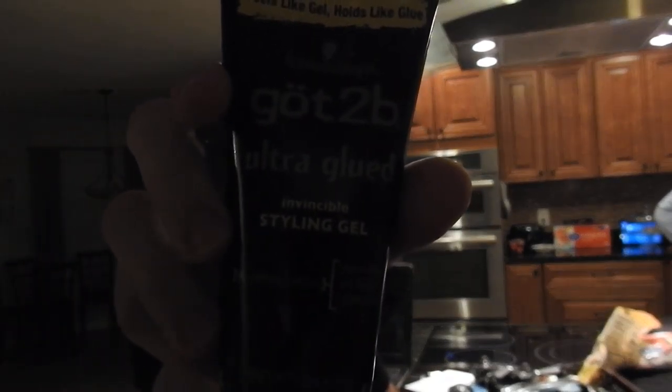Looks like gel — I'm going to already guess this is gel. It just looks like it's shaped like gel, so that must be what it is. And I was right! Got to be ultra glued invincible styling gel. Here it is right here. I'm so good.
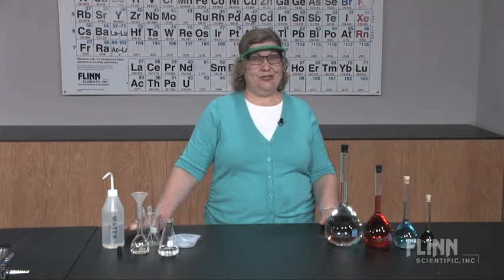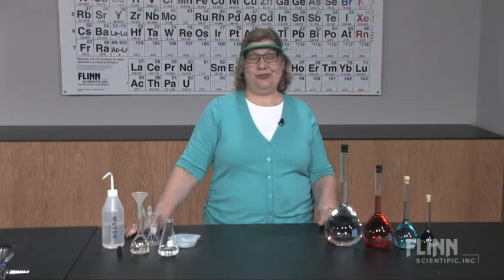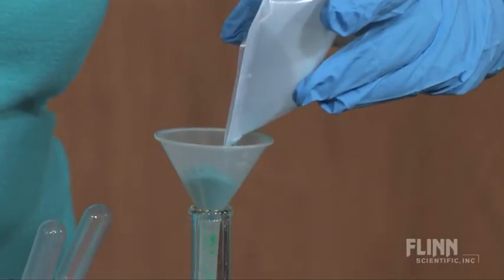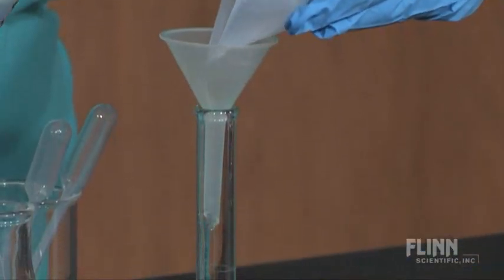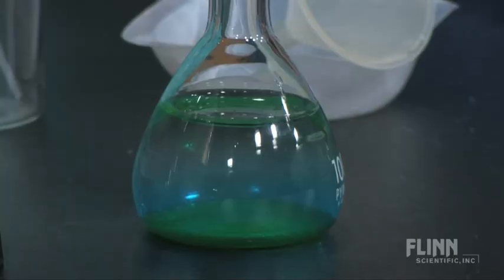Second, always use analytical transfer techniques. Transfer solids using a funnel. Rinse the weighing container, funnel, and sides of the flask with water or solvent. Dissolve or mix the solution with most, but not all, of the water.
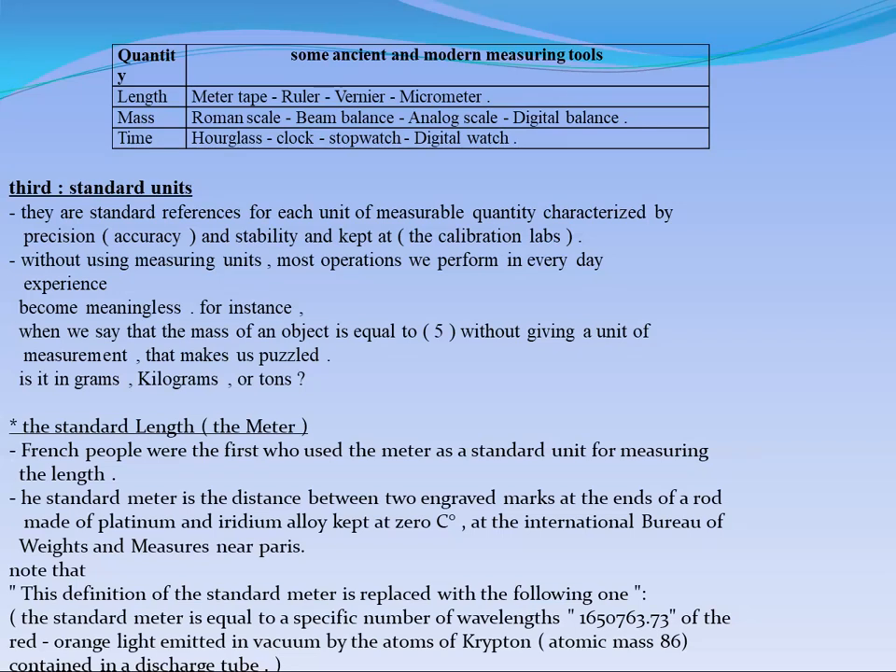We will talk about the standard length, or the standard meter. The scientists made a rod. This rod is made of a platinum and iridium alloy. This alloy means we have atoms of two elements combined together to give one rod.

┄┄┄┄┄┄┄┄┄┄

**Work order**
Without any of its images, the data above should be returned exactly.

**Answer to this task**
Looks like gel — I'm going to already guess this is gel. It just looks like it's shaped like gel, so that must be what it is. And I was right! Got to be ultra glued invincible styling gel. Here it is right here. I'm so good.
Second, always use analytical transfer techniques. Transfer solids using a funnel. Rinse the weighing container, funnel, and sides of the flask with water or solvent. Dissolve or mix the solution with most, but not all, of the water.
We will talk about the standard length, or the standard meter. The scientists made a rod. This rod is made of a platinum and iridium alloy. This alloy means we have atoms of two elements combined together to give one rod.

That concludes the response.